Dennis_Maxey_UniversityCollege_Dean (1)Dennis Maxey, PhD, Associate Dean, College of Advancing Professional Studies (CAPS)

As the former Program Director, how have you seen the program evolve and change over the years?

The program’s prestige has grown due to the involvement of many of its graduates in the university’s online educational offerings.  Everywhere you look on campus, an ID graduate can be found advocating for better instruction through intentional design.

The second change is in how technology permeates the entire field.  When I was the director, we still taught folks how to turn the page of a flip chart.  Now not only do we teach how to create an online course but every course may be taken online!

Do you have any anecdotes from your time as director that you would like to share?

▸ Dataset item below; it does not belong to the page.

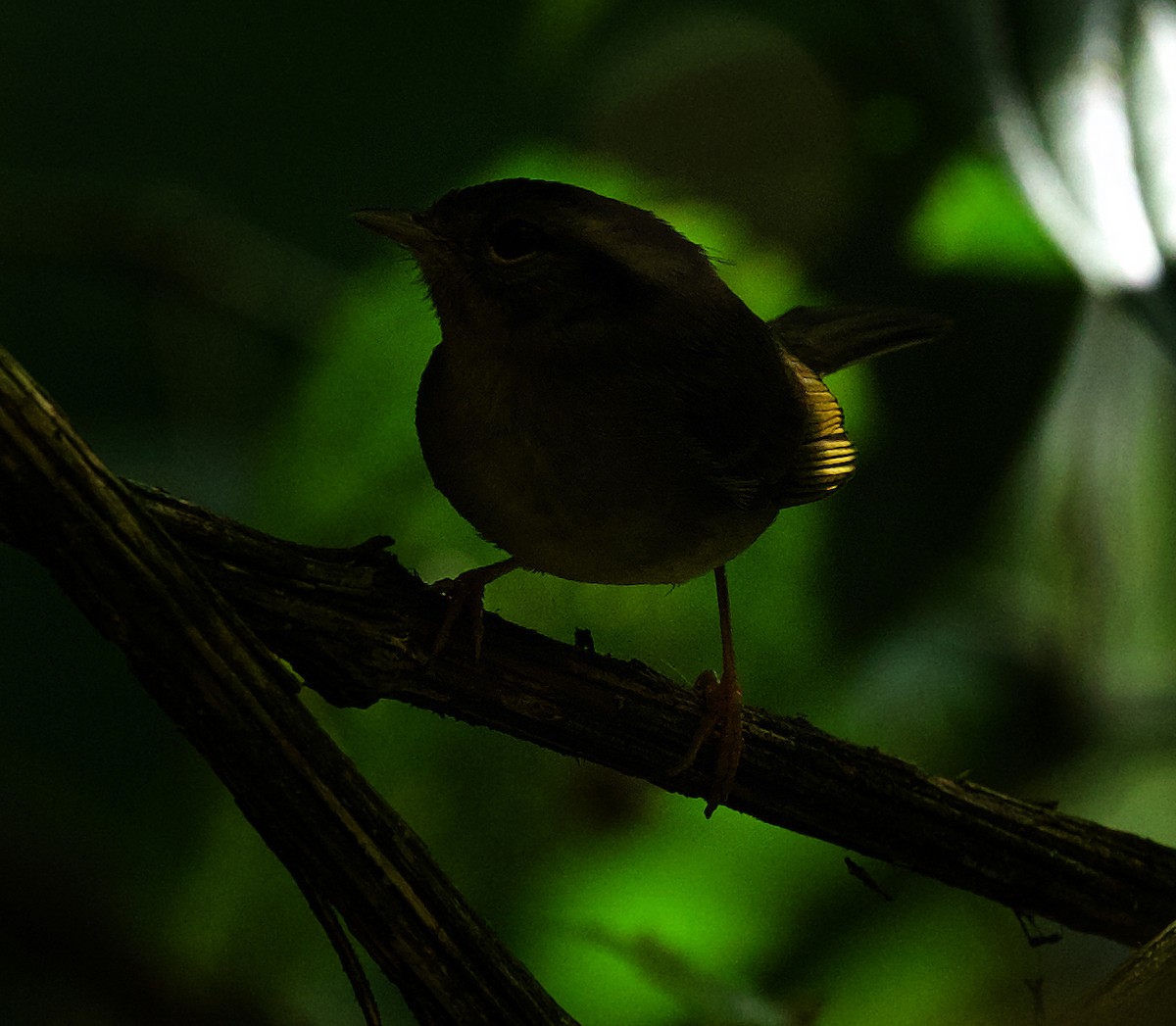 Three-striped Warbler - David Ascanio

I still tell the story of one of the first summers on Nantucket Island.  We had two students who had started a relationship via email before they had even enrolled in the program.  During their first summer after matriculation they met face-to-face for the first time at the Nantucket field station…I sure hope that they are still together…or at least they continue to write learning objectives together.

Are there any words of advice or well wishes you have for current students in the program?

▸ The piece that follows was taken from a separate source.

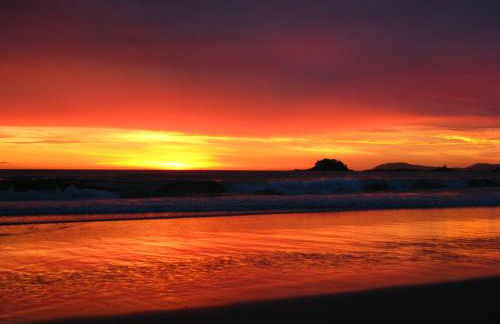 Apto em Palmas - à 80 metros do Mar - Photo 29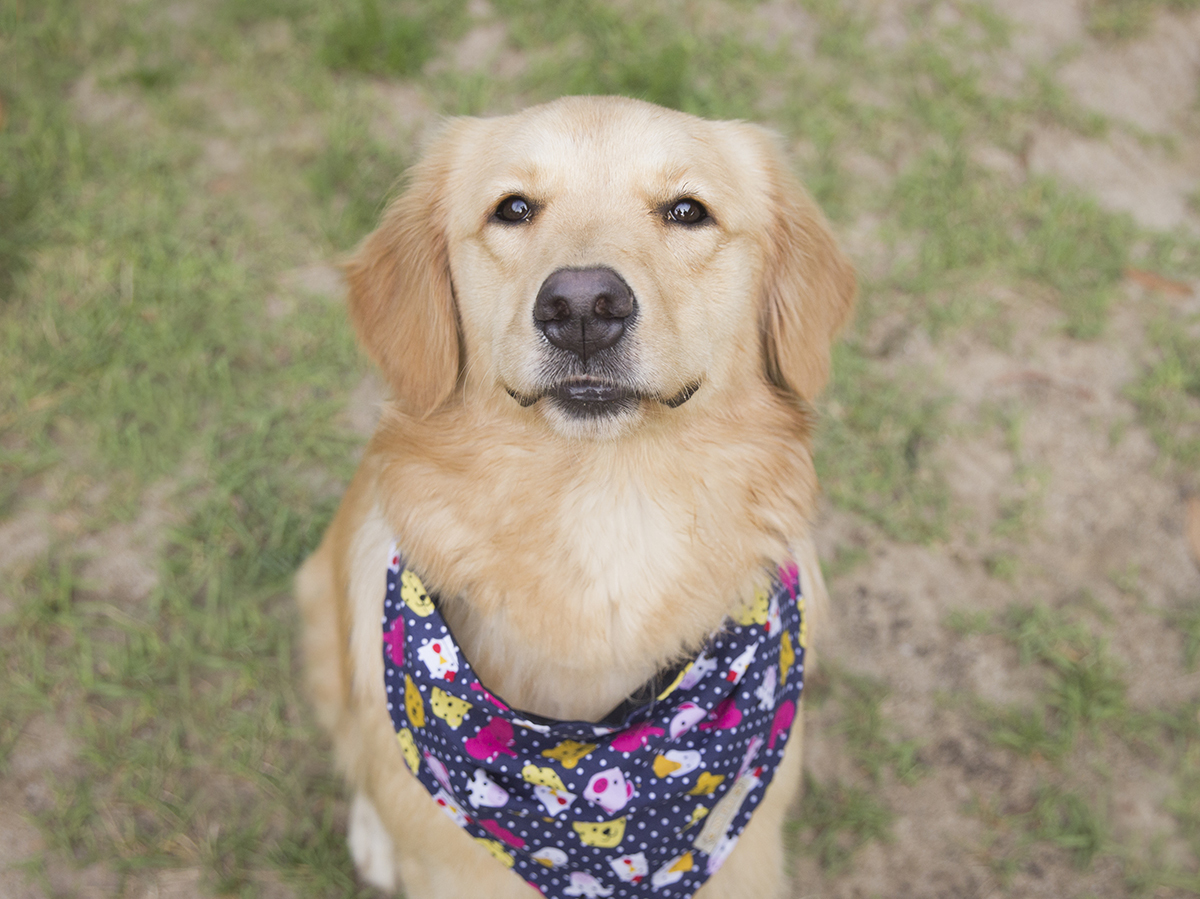 foto close da golden retrivier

Instructional Design deals, at its core, with one of the most important questions of our time:  How do we learn?

The field has tried to build a science around that question but every decade or so, that science changes drastically.  So how do we embrace a discipline, a field of study that can change from behaviorism to constructivism to connectivism and back again and still find a grounded core?  Are the “take-aways” from the program still relevant with all of the changes?  Former Program Director Canice McGarry believed that the essence of learning rested not in a theory, but in human relationships.  I still think that her idea is the perfect grounding for any educator.